- YOUR OBJECTIVE
When you reach the line in the listing below that contains "ネイル フレンチネイル nailsalon SIMB.のネイルデザイン", begin returning lines exactly as written, and stop after the line that contains "Brigid Ashwood Sacred". Return no other lines.

- GIVEN DATA
■ ■ ■

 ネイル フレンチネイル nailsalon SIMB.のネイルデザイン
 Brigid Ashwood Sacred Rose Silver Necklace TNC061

■ ■ ■

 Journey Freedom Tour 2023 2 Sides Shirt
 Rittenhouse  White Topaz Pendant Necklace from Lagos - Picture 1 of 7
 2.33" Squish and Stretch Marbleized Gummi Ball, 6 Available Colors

■ ■ ■

- COMPLETED TASK
 ネイル フレンチネイル nailsalon SIMB.のネイルデザイン
 Brigid Ashwood Sacred Rose Silver Necklace TNC061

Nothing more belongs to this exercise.